STUDY 1 enrolled 766 subjects and STUDY 2 enrolled 1230 subjects. The studies had the same design through Week 28. In both studies, subjects were randomized in equal proportion to placebo, 45 mg or 90 mg of STELARA™. Subjects randomized to STELARA™ received 45 mg or 90 mg doses, regardless of weight, at Weeks 0, 4, and 16. Subjects randomized to receive placebo at Weeks 0 and 4 crossed over to receive STELARA™ (either 45 mg or 90 mg) at Weeks 12 and 16.

In both studies, the endpoints were the proportion of subjects who achieved at least a 75% reduction in PASI score (PASI 75) from baseline to Week 12 and treatment success (cleared or minimal) on the Physician's Global Assessment (PGA). The PGA is a 6-category scale ranging from 0 (cleared) to 5 (severe) that indicates the physician's overall assessment of psoriasis focusing on plaque thickness/induration, erythema, and scaling.

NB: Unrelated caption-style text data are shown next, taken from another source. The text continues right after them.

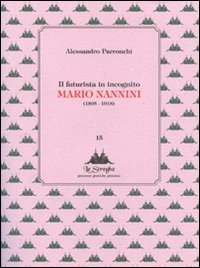 Il futurista in incognito - Mario Nannini (1895-1918)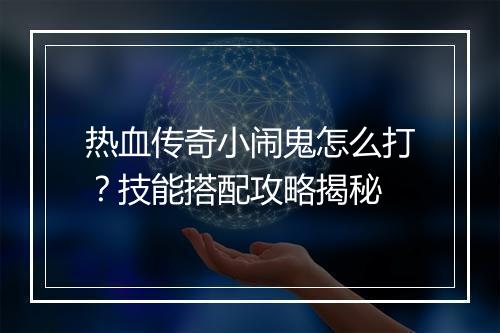 热血传奇小闹鬼怎么打？技能搭配攻略揭秘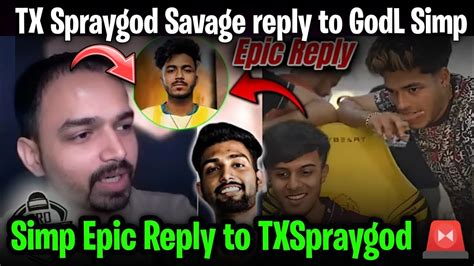 Tx Spraygod Savage Reply To Godl Simp On Camping Allegation Simp Epic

In both studies, subjects in all treatment groups had a median baseline PASI score ranging from approximately 17 to 18. Baseline PGA score was marked or severe in 44% of subjects in STUDY 1 and 40% of subjects in STUDY 2. Approximately two-thirds of all subjects had received prior phototherapy, 69% had received either prior conventional systemic or biologic therapy for the treatment of psoriasis, with 56% receiving prior conventional systemic therapy and 43% receiving prior biologic therapy. A total of 28% of study subjects had a history of psoriatic arthritis.

Clinical Response

The results of STUDY 1 and STUDY 2 are presented in Table 3 below.

Table 3. Clinical Outcomes STUDY 1 and STUDY 2
Week 12 STUDY 1 STUDY 2
STELARA™ STELARA™
Placebo 45 mg 90 mg Placebo 45 mg 90 mg
Subjects randomized 255 255 256 410 409 411
PASI 75 response 8 (3%) 171 (67%) 170 (66%) 15 (4%) 273 (67%) 311 (76%)
PGA of Cleared or Minimal 10 (4%) 151 (59%) 156 (61%) 18 (4%) 277 (68%) 300 (73%)

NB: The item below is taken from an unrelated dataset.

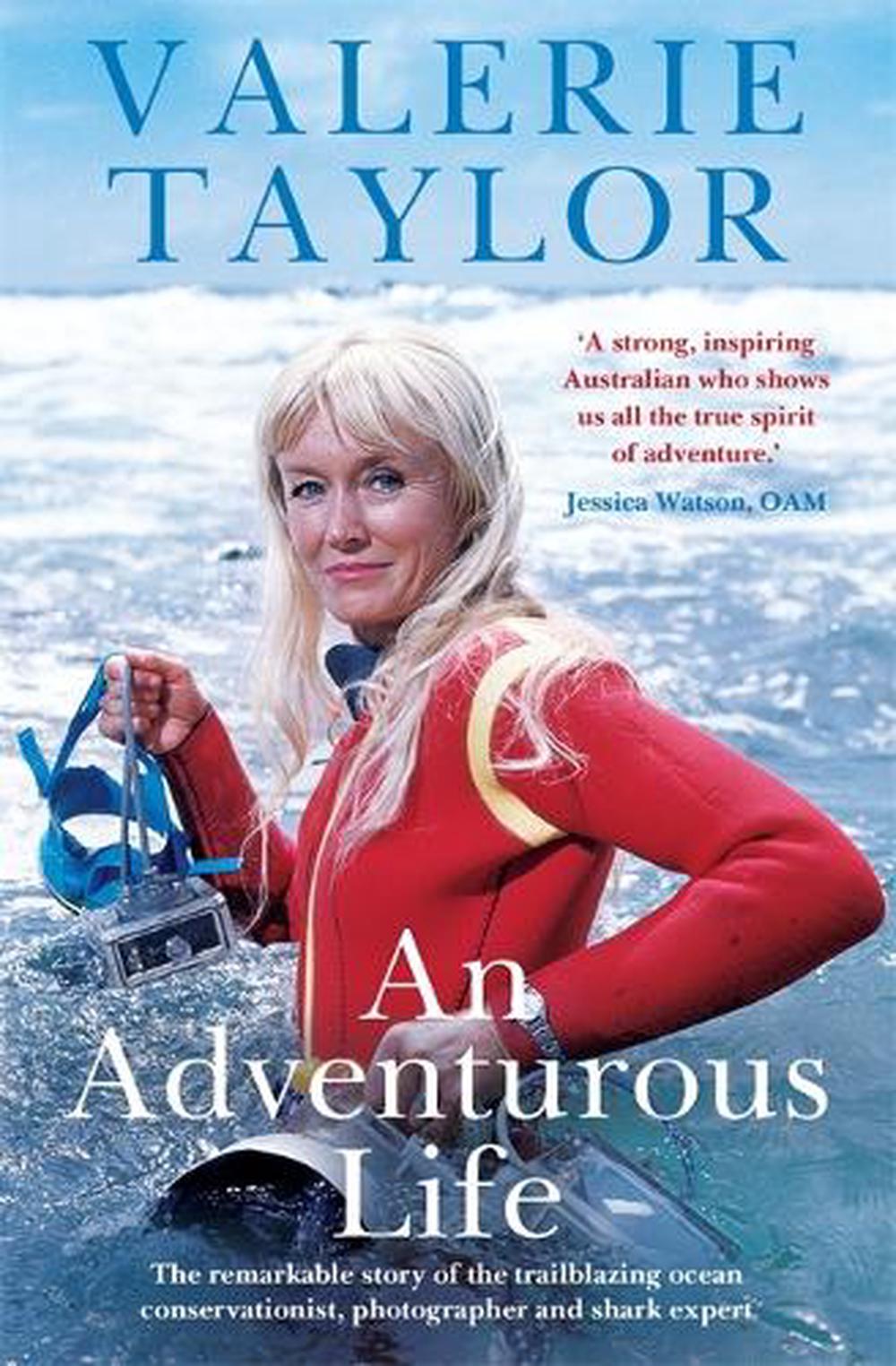 Valerie Taylor: An Adventurous Life, 9780733641725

Examination of age, gender, and race subgroups did not identify differences in response to STELARA™ among these subgroups.

In subjects who weighed <100 kg, response rates were similar with both the 45 mg and 90 mg doses; however, in subjects who weighed >100 kg, higher response rates were seen with 90 mg dosing compared with 45 mg dosing (Table 4 below).

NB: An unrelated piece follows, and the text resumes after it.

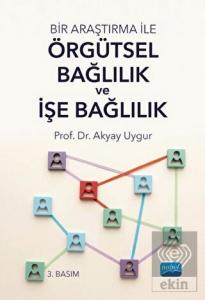 Bir Araştırma İle Örgütsel Bağlılık ve İşe Bağlılı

Table 4. Clinical Outcomes by Weight STUDY 1 and STUDY 2
STUDY 1 STUDY 2
STELARA™ STELARA™
Placebo 45 mg 90 mg Placebo 45 mg 90 mg
Subjects randomized 255 255 256 410 409 411
Week 12
PASI 75 response
  ≤ 100 kg 4% 74% 65% 4% 73% 78%
6/166 124/168 107/164 12/290 218/297 225/289
  >100 kg 2% 54% 68% 3% 49% 71%
2/89 47/87 63/92 3/120 55/112 86/121
PGA of Cleared or Minimal
  ≤ 100 kg 4% 64% 63% 5% 74% 75%
7/166 108/168 103/164 14/290 220/297 216/289
  >100 kg 3% 49% 58% 3% 51% 69%
3/89 43/87 53/92 4/120 57/112 84/121

Subjects in STUDY 1 were evaluated through Week 52. At Week 40, those who were PASI 75 responders at both Weeks 28 and 40 were re-randomized to either continued dosing of STELARA™ (STELARA™ at Week 40) or to withdrawal of therapy (placebo at Week 40). At Week 52, 89% (144/162) of subjects re-randomized to STELARA™ treatment were PASI 75 responders compared with 63% (100/159) of subjects re-randomized to placebo (treatment withdrawal after Week 28 dose).